Et ce que tu attires réellement est aligné avec toutes tes croyances profondes. Ce que tu attires réellement est aligné avec... tous ces besoins profonds que tu es en train de dire. Quand tu veux, je veux quelqu'un qui m'aime, tu es directement en train de déclarer que je ne m'aime pas moi-même suffisamment. Il faut qu'il y ait une personne qui vienne dire que je m'aime.
Et ça, c'est du désespoir. Ça ne veut pas dire que tu n'as pas le droit d'avoir quelqu'un qui t'aime. Mais lorsque tu sais que tu n'as pas besoin d'une autre personne pour venir t'apporter l'amour et la valeur que tu as déjà et en laquelle tu crois déjà de façon intrinsèque, ce n'est pas la même énergie.

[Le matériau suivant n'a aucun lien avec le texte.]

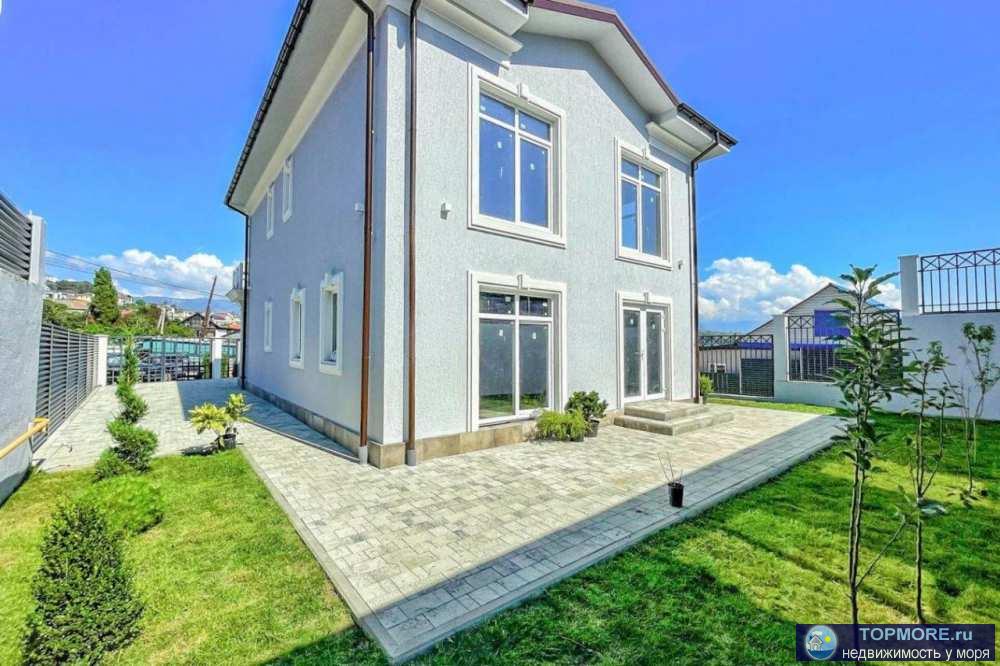 Продаю новый 2х этажный дом в Адлерском районе, на закрытой охраняемой территории, свободной планировки, черновой... - 2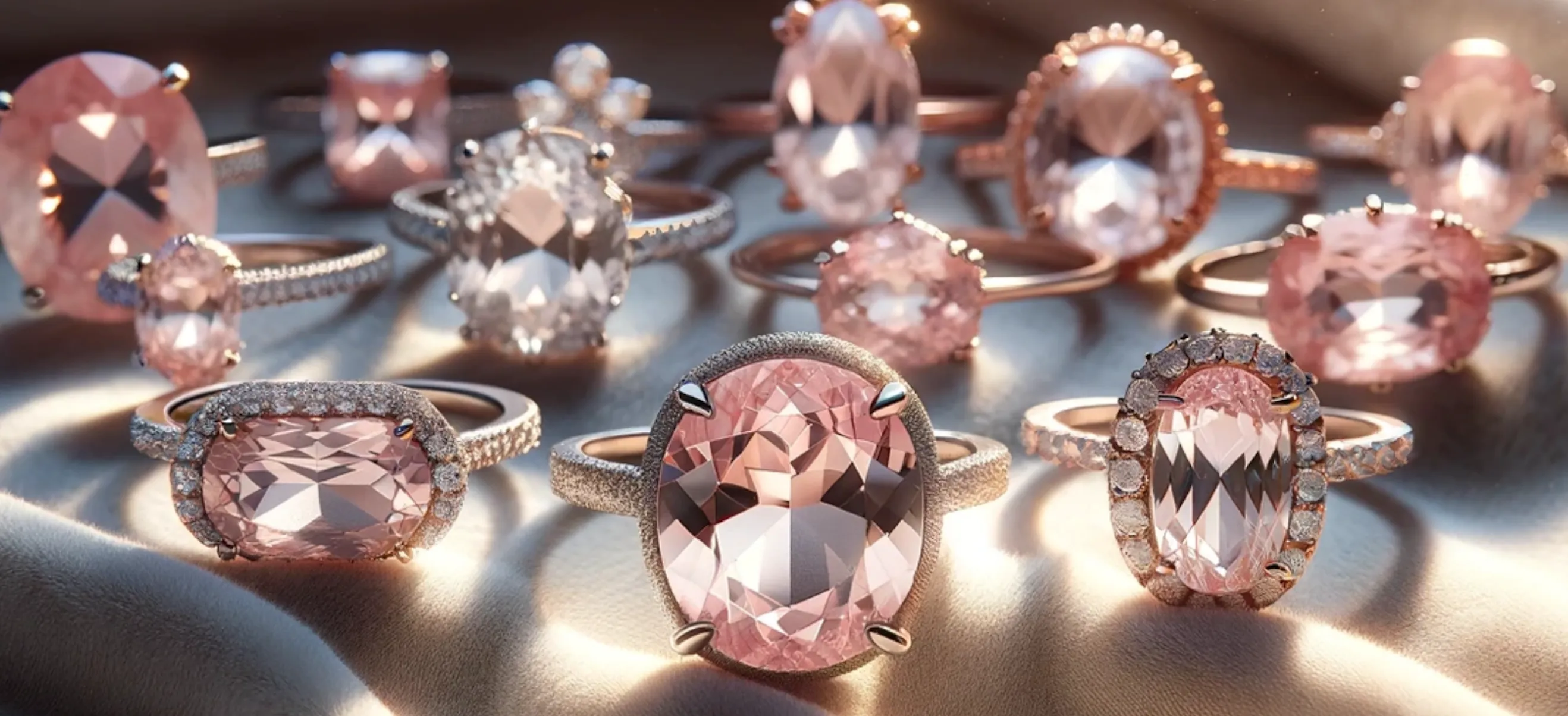 rose quartz rings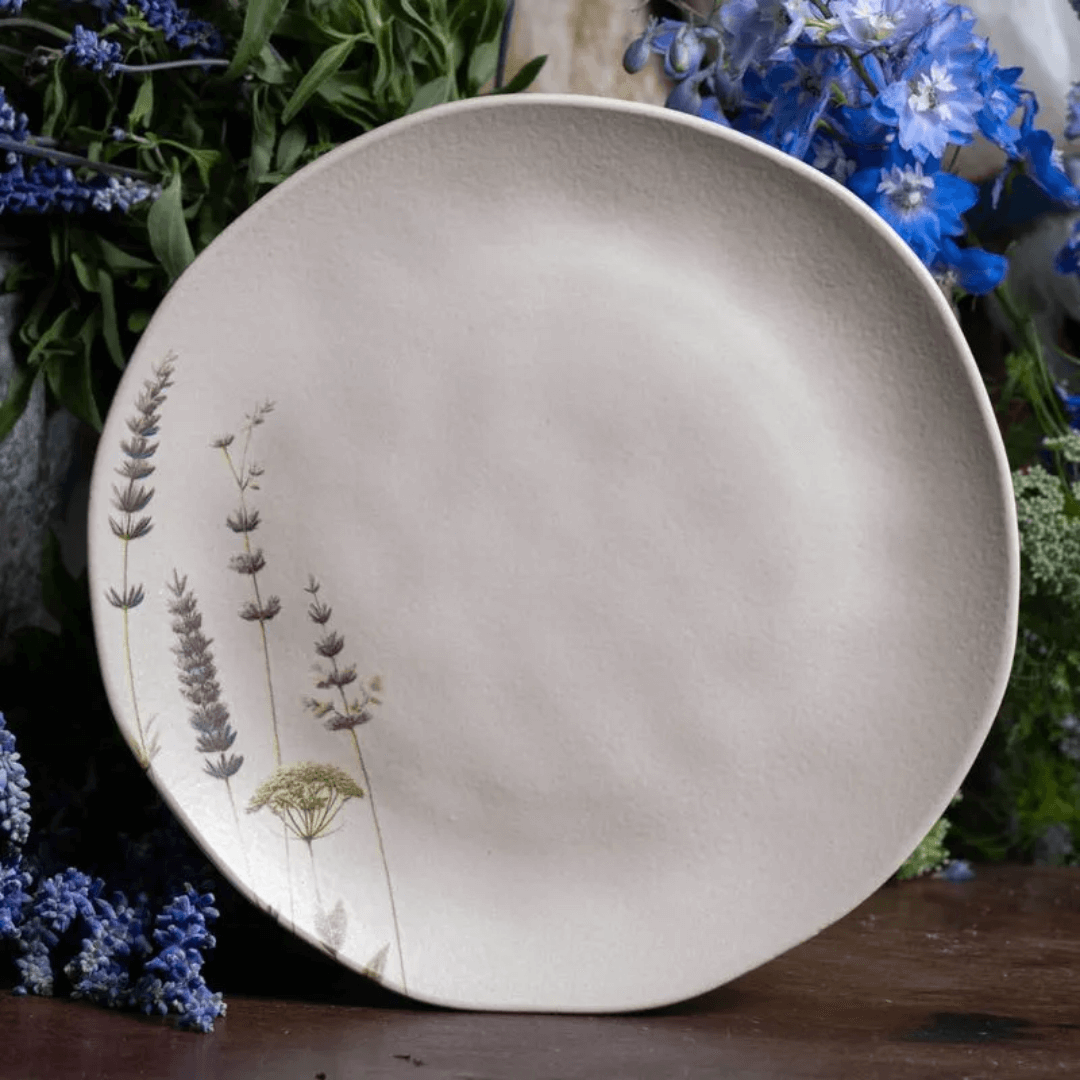 Prato Raso Orgânico Lavanda 26,5cm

Je veux quelqu'un qui m'aime comme je m'aime. Est-ce que toi-même, tu t'aimes ?
C'est la première question qu'il faut se poser. Parfois, toi-même, tu ne t'aimes pas et tu te dis, au moins, s'il y a quelqu'un d'autre qui vient m'aimer, un guillemot à ma place, ça va changer les choses. Erreur 404. Et à ce moment-là, tu vois que tu retombes toujours sur le même type de profil. Donc, est-ce que tu parles de tes traumas comme étant une identité ou bien tu parles de tes traumas comme étant des choses que tu peux changer ou des choses qui peuvent t'aider dans ta transformation ?
Ce n'est pas la même énergie. D'un côté, tu peux dire, j'ai une histoire. De l'autre côté, tu peux dire, je suis mes traumatismes. Tu n'es pas tes traumatismes. Tu n'es pas tes blessures.
Tu n'es pas tous ces événements difficiles qui te sont arrivés. Ils font partie de ton histoire, mais ils ne peuvent pas définir qui tu es. Tu ne peux pas juste être défini par l'abandon. Tu ne peux pas juste être défini par le rejet. Non, il faut refuser cette identité.
Il faut refuser l'identité de la personne qui correspond uniquement à ces traumas. Non, tu es plus que ça. Encore une fois. Tu as le droit de te renseigner sur tes traumas, tu as le droit de faire tout type de thérapie, EMDR, TCC, EFT, tout ce que tu veux, tu as le droit de faire ça. C'est utile, ça a son importance, mais ne fais pas ça dans le but de toujours ruminer sur tes blessures et tes traumas.
Tu verras tout à l'heure pourquoi je parle de la rumination. Georges Bonanno, de l'université de Columbia, a fait 30 ans de recherche sur un sujet. Et dans les années 2009, il a fait sortir ses résultats de recherche. Voici ce qu'il a dit. Il a étudié des milliers de personnes qui ont vécu des deuils après le 11 septembre.
Donc le 11 septembre, je pense que tu sais ce qui s'est passé aux États-Unis. Un attentat qui a marqué l'histoire de l'humanité, selon moi en tout cas, depuis que j'existe sur Terre, c'est un événement marquant. En plus, c'est passé à la télé, etc. Et il a constaté ceci, 35 à 65% des personnes qui ont vécu des deuils et des traumatismes liés à cet événement du 11 septembre, sont devenues naturellement plus résilientes après un traumatisme. Donc normalement, un traumatisme, peut te pousser et t'emmener dans la résilience.
35 à 65%, ça veut dire qu'il y a 65 à 35% ici des gens qui n'ont pas été résilients. Et cette résilience, elle s'est faite sans thérapie, sans travail intérieur intensif. Je répète, des gens qui ont vécu le trauma du 11 septembre, entre 35 à 65% de ces personnes, après ce trauma du 11 septembre, ont été plus résilientes. et n'ont pas fait forcément de thérapie ou de travail intérieur intensif. William, est-ce que tu veux dire que la thérapie ne sert à rien ?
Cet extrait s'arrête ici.